Die 20 deutschen Großstädte mit den meisten Einwohnern wiesen sehr unterschiedliche Müllgebühren auf, wie an der Höhe der Indexpunkte ersichtlich ist (viele Indexpunkte = geringe Kosten): Berlin (96,6), Hamburg (98,8), München (116,1), Köln (83,3), Frankfurt am Main (111,7), Stuttgart (113,3), Düsseldorf (83,6), Dortmund (84,8), Essen (123,9), Bremen (91,4), Leipzig (86,6), Dresden (95,0), Hannover (99,8), Nürnberg (130,7), Duisburg (95,0), Bochum (98,9), Wuppertal (100,8), Bielefeld (112,7), Bonn (112,1) und Münster (92,4).

Folgerung der Untersuchung für Eigentümer, Vermieter und Kaufinteressenten

„Zwischen der günstigsten und teuersten Stadt liegen 600 Euro im Jahr. Dafür gibt es Gründe, die die Kommunen jetzt dringend analysieren müssen“, forderte Warnecke. Er betonte, dass mit der Untersuchung keine Stadt an den Pranger gestellt werden solle. Sie solle vielmehr Motivation für die Städte sein, ihren Bürgern künftig eine gleiche Servicequalität zu niedrigeren Preisen anzubieten.
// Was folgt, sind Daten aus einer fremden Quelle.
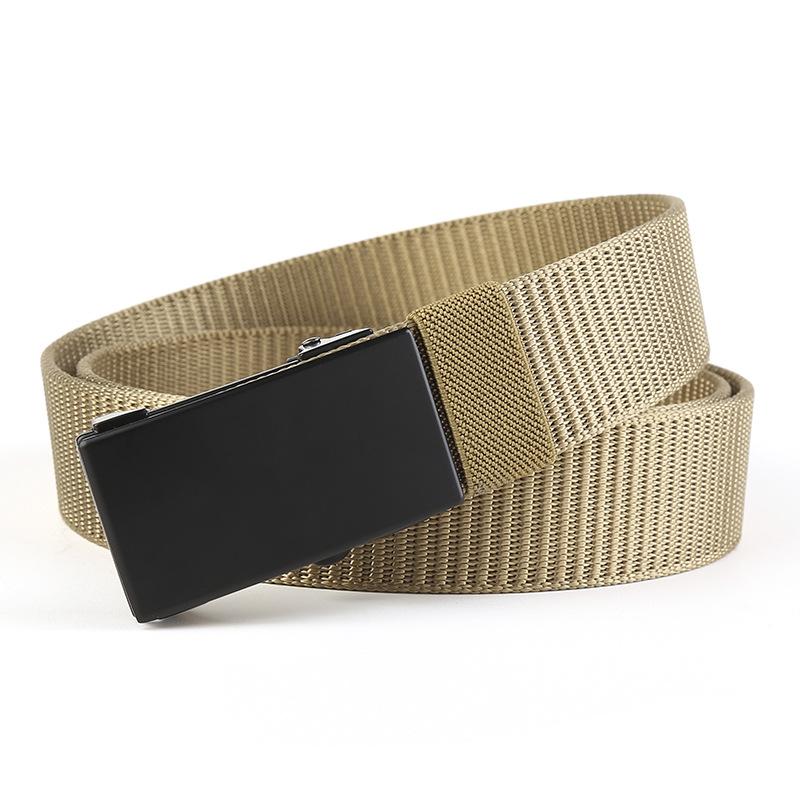 Nylonový pásek Pánské Tide Ins Plátěná džínovina Pracovní kalhoty Pásek uvnitř Oblečení Bezzubý Bezděrový pásek s automatickou přezkou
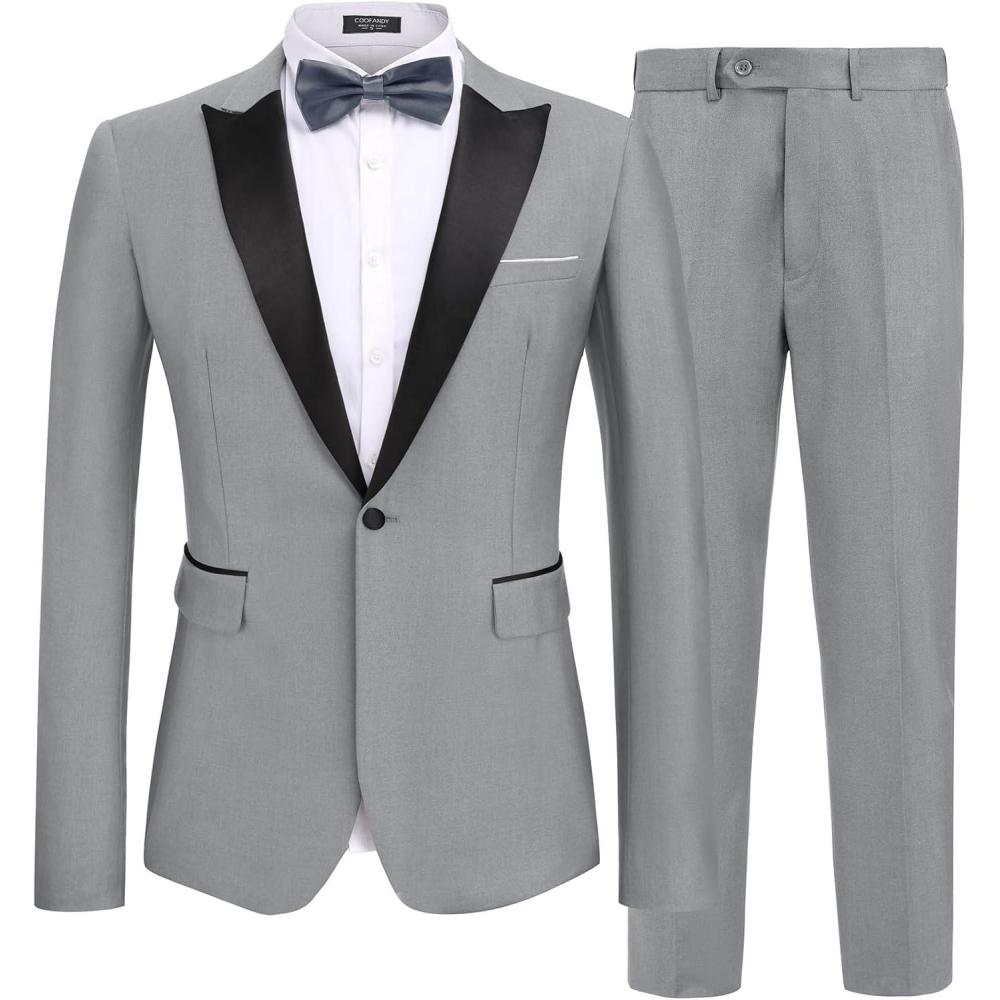 imageCOOFANDY Mens 2 Piece Suit Slim Fit One Button Tuxedo Jacket Pants for Wedding Prom BusinessLight Grey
Es fällt jedoch auf, dass die Höhe der Müllgebühren oft in einem Zusammenhang mit der Verschuldung und der wirtschaftlichen Situation der Stadt stehen: Je höher eine Stadt verschuldet ist, desto eher versucht sie Einnahmen über höhere Müllgebühren zu erzielen. Hohe Nebenkosten verteuern jedoch die Kaltmiete und machen einen Standort mit ohnehin unterdurchschnittlicher wirtschaftlicher Attraktivität noch unattraktiver. Warnecke wies darauf hin, dass die Müllabfuhr bis zu zehn Prozent der Wohnnebenkosten ausmache. Im Schnitt bezahlten die Bürger für die Müllabfuhr mehr als für Straßenreinigung, Grundsteuer, Schornsteinfegergebühr und Gartenpflegearbeiten zusammen. „Hier gibt es also ein großes Einsparpotenzial zum Nutzen von Mietern und Eigenheimern und um die Attraktivität der Städte zu steigern“, resümierte der Verbandschef.

Auch für Anleger und Kaufinteressenten von Wohnimmobilien empfiehlt es sich daher, die Höhe wichtiger Nebenkosten beim Kauf zu berücksichtigen, da hohe Nebenkosten die Chance der Wiedervermietung senken.